Problem requirements:
Begin with the line that holds "Charity Double Knit - Kiwi Salad". Write out every line from there to the end of the listing below, word for word.
______
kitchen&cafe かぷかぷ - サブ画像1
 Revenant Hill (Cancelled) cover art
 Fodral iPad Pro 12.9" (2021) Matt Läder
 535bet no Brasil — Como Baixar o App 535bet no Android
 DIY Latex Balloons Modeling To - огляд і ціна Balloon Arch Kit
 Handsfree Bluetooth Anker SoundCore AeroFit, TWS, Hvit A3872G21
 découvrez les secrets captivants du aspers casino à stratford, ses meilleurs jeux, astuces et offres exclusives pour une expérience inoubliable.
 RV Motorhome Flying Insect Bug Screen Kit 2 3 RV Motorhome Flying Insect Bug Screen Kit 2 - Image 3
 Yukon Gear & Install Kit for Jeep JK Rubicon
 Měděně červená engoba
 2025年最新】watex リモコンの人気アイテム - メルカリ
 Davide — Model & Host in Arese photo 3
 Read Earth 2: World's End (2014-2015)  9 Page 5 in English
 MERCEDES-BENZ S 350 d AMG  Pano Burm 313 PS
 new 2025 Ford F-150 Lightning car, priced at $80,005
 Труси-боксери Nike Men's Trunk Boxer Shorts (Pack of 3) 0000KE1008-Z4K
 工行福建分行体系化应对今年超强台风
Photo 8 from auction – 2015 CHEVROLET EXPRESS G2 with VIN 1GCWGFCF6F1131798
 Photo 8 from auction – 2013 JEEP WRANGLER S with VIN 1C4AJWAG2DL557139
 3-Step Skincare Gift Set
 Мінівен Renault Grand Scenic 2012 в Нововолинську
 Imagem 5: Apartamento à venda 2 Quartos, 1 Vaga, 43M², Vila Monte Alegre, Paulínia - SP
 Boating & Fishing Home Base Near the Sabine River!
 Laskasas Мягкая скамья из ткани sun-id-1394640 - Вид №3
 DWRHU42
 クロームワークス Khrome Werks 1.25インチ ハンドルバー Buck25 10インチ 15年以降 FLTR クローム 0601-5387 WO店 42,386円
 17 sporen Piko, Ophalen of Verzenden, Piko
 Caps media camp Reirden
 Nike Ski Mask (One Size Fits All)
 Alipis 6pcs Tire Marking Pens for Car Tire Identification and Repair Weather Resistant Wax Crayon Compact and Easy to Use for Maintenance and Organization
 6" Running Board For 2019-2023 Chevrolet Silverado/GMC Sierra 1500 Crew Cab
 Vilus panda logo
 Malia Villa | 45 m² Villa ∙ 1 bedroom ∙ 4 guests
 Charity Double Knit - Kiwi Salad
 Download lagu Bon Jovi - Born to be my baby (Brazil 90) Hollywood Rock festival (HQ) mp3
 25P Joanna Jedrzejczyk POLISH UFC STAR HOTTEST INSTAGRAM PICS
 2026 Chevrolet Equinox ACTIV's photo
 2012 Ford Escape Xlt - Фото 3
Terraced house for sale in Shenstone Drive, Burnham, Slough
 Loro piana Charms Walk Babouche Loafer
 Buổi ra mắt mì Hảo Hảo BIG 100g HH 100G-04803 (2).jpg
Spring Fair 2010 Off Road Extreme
______
Completed exercise:
 Charity Double Knit - Kiwi Salad
 Download lagu Bon Jovi - Born to be my baby (Brazil 90) Hollywood Rock festival (HQ) mp3
 25P Joanna Jedrzejczyk POLISH UFC STAR HOTTEST INSTAGRAM PICS
 2026 Chevrolet Equinox ACTIV's photo
 2012 Ford Escape Xlt - Фото 3
Terraced house for sale in Shenstone Drive, Burnham, Slough
 Loro piana Charms Walk Babouche Loafer
 Buổi ra mắt mì Hảo Hảo BIG 100g HH 100G-04803 (2).jpg
Spring Fair 2010 Off Road Extreme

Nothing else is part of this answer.